Leaving is never pleasant.
For one thing, because moving requires me to truly come to grips with how many shoes and books I own, and reveal that information to unsympathetic movers. (When I moved to Flagstaff, the mover made me promise to never move to a walkup higher than first floor again. Or else sell every single book I owned, “because, lady, this is excessive”)
But most especially because leaving a place that I have liked as much as this one is never easy.
The quirky, sweet parishes, the supportive and wise ministry colleagues, and the amazing, inspiring students, who have all conspired to make this job a joy-filled one each day, and who have taught me so much about persistence and bravery, faith and community.
I have been blessed beyond words to have been the chaplain here in Northern Arizona for the past few years, and part of the story of this place. Now the story of the chaplaincy here moves on, and my own story moves on.
But the wonder of stories like this is that they never end, not truly, and nothing is really lost. As God spins out our stories, they carry forward all the fragments of who and where we were before, into the future that God envisions.
So the imprints of the people we meet, the experiences we have are never far–even as we move on. It always gets woven in to the next chapter, and the next and the next after that.

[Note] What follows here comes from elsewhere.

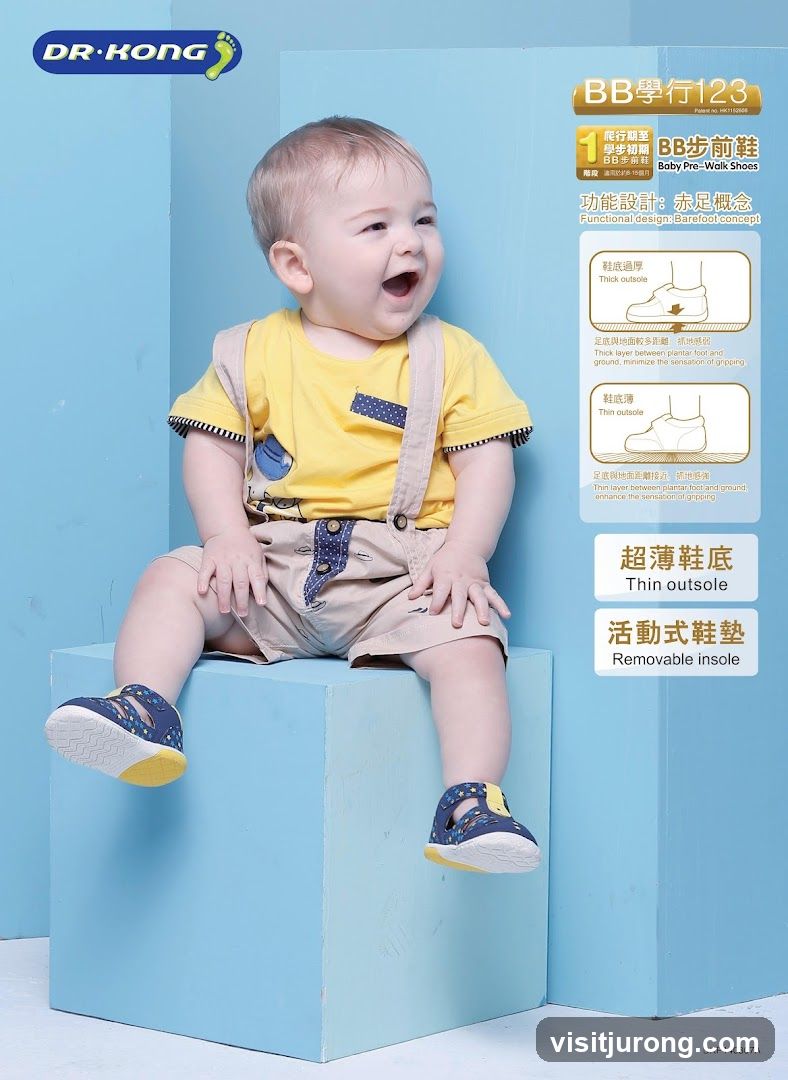 Baby wearing Dr. Kong shoes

Whatever exactly comes next, it will be an adventure. But I also know that this adventure will be accompanied by the mischievous love of God, which is nothing if not adventurous, and possessed of a better sense of humor than I ever will be.
So here I go!
Megan… I am sure you will have a wonderful time in KS! Just hold on tight to prevent being carried away by tornadoes. Willl watch your blog with interest as you and Toto swirl off into Kansas! Blessings and good luck! You were such a hit with ESC Day school. Delighted that you will be connected… they are not much different than college students!
Welcome to Missouri!
Click the heels of those red shoes together to come and visit sometime soon, now that you are a thousand miles or so closer!
as you ease East and onto the plains…and understanding that you may only interpret this in the context of a “prairie schooner”…I wish you “fair winds and following seas”. Enjoy the journey!
I’ve been enjoying your blog since I found it during Lenten Madness–welcome to West Mo Diocese! It’s a beautiful church and I hope to meet you someday!
Congratulations as you prepare for the next chapter of your story. I also dislike leavings – mine or those of friends – and will keep your words in mind when I experience the inevitability of future ones. Enjoy your time at St. Paul’s – I know they will enjoy you!
Sorry to hear you are leaving Province VIII, but we wish you all the best. Hope you will keep up your blog!
We are looking forward to your arrival Megan! Bring all your shoes, and all your books, and most importantly, your yarn!
I, too, found you during Len Madness, but with the death of google reader (+ RIP), somehow am not a faithful reader of your blog. But, as part of the diocese of West Missouri, I hope you’ll have reason to come visit the Southern Deanery sometime! Jeanne Goolsby, who commented above, runs a mean Bed and Breakfast. I hope there will be an opportunity sometime to cross paths IRL. Loved your reflections on/additions to RHE’s millennial gen article. Good luck moving and hope you settle into your new role quickly!
er, Lent Madness.
Looking forward to meeting you. At our house….I am the one with the shoes! Yes, one pair is Red and Stan is the one with the books. Well, some of them!
Megan we are excited for your arrival in KC! The more shoes the better! You never know what the weather will be so it is best to be prepared with shoes for every possibe situation. That is how I look at it!